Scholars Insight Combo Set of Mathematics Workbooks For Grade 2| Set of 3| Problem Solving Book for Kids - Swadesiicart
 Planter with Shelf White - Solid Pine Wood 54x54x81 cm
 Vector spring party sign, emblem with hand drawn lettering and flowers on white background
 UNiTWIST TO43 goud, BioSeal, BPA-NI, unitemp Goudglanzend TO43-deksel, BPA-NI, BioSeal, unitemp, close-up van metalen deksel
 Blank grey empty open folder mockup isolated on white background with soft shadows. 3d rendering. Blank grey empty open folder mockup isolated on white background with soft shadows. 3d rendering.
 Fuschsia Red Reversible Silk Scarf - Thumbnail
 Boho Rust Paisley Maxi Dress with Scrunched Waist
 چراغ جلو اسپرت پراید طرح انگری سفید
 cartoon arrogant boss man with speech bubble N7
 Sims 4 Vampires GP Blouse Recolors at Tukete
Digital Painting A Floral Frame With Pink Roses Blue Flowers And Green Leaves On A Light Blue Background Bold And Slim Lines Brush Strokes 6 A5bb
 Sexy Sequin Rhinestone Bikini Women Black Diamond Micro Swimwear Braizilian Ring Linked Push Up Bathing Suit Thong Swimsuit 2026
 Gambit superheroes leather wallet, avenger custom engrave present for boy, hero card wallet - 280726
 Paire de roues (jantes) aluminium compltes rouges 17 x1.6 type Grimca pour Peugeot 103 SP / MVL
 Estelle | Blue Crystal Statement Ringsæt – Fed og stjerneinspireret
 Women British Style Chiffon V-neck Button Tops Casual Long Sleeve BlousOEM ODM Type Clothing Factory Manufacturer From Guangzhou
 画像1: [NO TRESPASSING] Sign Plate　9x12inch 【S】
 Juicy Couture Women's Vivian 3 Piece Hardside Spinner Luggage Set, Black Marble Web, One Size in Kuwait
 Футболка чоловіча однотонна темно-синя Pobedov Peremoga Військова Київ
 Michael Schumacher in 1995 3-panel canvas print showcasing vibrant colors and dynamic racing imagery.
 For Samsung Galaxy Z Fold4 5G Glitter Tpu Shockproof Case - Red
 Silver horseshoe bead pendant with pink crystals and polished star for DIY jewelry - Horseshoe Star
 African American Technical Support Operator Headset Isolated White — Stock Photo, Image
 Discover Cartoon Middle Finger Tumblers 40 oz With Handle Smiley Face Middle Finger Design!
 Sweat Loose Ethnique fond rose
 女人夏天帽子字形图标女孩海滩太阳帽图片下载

........

§ What this task involves: Among the lines above, find the one with "UNiTWIST TO43 goud, BioSeal, BPA-NI, unitemp" and the one with "Silver horseshoe bead". Quote both and everything between them, exactly.

§ Answer to the exercise:
 UNiTWIST TO43 goud, BioSeal, BPA-NI, unitemp Goudglanzend TO43-deksel, BPA-NI, BioSeal, unitemp, close-up van metalen deksel
 Blank grey empty open folder mockup isolated on white background with soft shadows. 3d rendering. Blank grey empty open folder mockup isolated on white background with soft shadows. 3d rendering.
 Fuschsia Red Reversible Silk Scarf - Thumbnail
 Boho Rust Paisley Maxi Dress with Scrunched Waist
 چراغ جلو اسپرت پراید طرح انگری سفید
 cartoon arrogant boss man with speech bubble N7
 Sims 4 Vampires GP Blouse Recolors at Tukete
Digital Painting A Floral Frame With Pink Roses Blue Flowers And Green Leaves On A Light Blue Background Bold And Slim Lines Brush Strokes 6 A5bb
 Sexy Sequin Rhinestone Bikini Women Black Diamond Micro Swimwear Braizilian Ring Linked Push Up Bathing Suit Thong Swimsuit 2026
 Gambit superheroes leather wallet, avenger custom engrave present for boy, hero card wallet - 280726
 Paire de roues (jantes) aluminium compltes rouges 17 x1.6 type Grimca pour Peugeot 103 SP / MVL
 Estelle | Blue Crystal Statement Ringsæt – Fed og stjerneinspireret
 Women British Style Chiffon V-neck Button Tops Casual Long Sleeve BlousOEM ODM Type Clothing Factory Manufacturer From Guangzhou
 画像1: [NO TRESPASSING] Sign Plate　9x12inch 【S】
 Juicy Couture Women's Vivian 3 Piece Hardside Spinner Luggage Set, Black Marble Web, One Size in Kuwait
 Футболка чоловіча однотонна темно-синя Pobedov Peremoga Військова Київ
 Michael Schumacher in 1995 3-panel canvas print showcasing vibrant colors and dynamic racing imagery.
 For Samsung Galaxy Z Fold4 5G Glitter Tpu Shockproof Case - Red
 Silver horseshoe bead pendant with pink crystals and polished star for DIY jewelry - Horseshoe Star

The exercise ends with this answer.